## Task description
In the data below, one line contains "Floral Slip Shoes" and a later one contains "Vertical Weave Rattan Queen Headboard". Print both, with every line between them, exactly and alone.

BEGIN

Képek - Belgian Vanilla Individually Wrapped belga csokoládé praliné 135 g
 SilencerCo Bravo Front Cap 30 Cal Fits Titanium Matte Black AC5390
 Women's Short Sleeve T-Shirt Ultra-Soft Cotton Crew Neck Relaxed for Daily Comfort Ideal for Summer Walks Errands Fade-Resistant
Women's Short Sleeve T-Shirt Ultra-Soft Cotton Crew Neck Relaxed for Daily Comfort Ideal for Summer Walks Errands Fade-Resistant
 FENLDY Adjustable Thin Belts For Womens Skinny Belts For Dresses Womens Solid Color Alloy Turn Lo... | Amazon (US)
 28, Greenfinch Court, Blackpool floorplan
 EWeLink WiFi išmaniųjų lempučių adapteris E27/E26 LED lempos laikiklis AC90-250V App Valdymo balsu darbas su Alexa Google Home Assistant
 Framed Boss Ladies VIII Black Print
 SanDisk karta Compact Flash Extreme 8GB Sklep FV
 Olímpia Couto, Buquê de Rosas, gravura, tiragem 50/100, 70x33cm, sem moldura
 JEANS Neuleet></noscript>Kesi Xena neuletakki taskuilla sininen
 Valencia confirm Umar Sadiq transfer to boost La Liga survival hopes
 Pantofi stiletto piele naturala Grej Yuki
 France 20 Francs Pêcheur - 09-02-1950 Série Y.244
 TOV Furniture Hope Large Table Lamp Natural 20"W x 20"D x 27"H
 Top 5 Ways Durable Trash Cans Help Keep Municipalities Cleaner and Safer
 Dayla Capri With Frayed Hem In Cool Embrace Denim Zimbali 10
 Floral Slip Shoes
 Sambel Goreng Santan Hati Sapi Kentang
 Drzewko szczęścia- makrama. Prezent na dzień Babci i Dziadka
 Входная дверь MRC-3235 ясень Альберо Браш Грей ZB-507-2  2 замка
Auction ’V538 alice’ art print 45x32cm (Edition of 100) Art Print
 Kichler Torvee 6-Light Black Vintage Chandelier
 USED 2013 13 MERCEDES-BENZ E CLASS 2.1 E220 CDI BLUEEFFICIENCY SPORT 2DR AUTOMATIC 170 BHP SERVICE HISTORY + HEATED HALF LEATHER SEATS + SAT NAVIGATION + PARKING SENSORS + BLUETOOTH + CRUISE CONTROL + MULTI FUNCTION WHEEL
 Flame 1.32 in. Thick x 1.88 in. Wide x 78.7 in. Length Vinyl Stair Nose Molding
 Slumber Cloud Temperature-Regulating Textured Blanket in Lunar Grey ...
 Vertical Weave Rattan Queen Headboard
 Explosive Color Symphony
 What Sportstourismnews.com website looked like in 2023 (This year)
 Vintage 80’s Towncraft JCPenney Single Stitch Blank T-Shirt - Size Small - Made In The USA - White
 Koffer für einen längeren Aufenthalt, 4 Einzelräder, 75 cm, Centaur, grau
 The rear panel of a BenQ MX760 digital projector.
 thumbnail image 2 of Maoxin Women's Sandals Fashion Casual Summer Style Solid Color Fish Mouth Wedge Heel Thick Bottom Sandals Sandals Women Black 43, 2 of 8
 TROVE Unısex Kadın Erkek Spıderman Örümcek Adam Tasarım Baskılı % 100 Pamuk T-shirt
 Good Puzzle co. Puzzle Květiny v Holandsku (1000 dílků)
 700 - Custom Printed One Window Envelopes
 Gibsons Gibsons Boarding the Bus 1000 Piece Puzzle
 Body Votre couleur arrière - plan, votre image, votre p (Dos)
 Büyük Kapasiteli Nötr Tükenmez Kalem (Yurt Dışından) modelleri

END

## Response for this exercise
 Floral Slip Shoes
 Sambel Goreng Santan Hati Sapi Kentang
 Drzewko szczęścia- makrama. Prezent na dzień Babci i Dziadka
 Входная дверь MRC-3235 ясень Альберо Браш Грей ZB-507-2  2 замка
Auction ’V538 alice’ art print 45x32cm (Edition of 100) Art Print
 Kichler Torvee 6-Light Black Vintage Chandelier
 USED 2013 13 MERCEDES-BENZ E CLASS 2.1 E220 CDI BLUEEFFICIENCY SPORT 2DR AUTOMATIC 170 BHP SERVICE HISTORY + HEATED HALF LEATHER SEATS + SAT NAVIGATION + PARKING SENSORS + BLUETOOTH + CRUISE CONTROL + MULTI FUNCTION WHEEL
 Flame 1.32 in. Thick x 1.88 in. Wide x 78.7 in. Length Vinyl Stair Nose Molding
 Slumber Cloud Temperature-Regulating Textured Blanket in Lunar Grey ...
 Vertical Weave Rattan Queen Headboard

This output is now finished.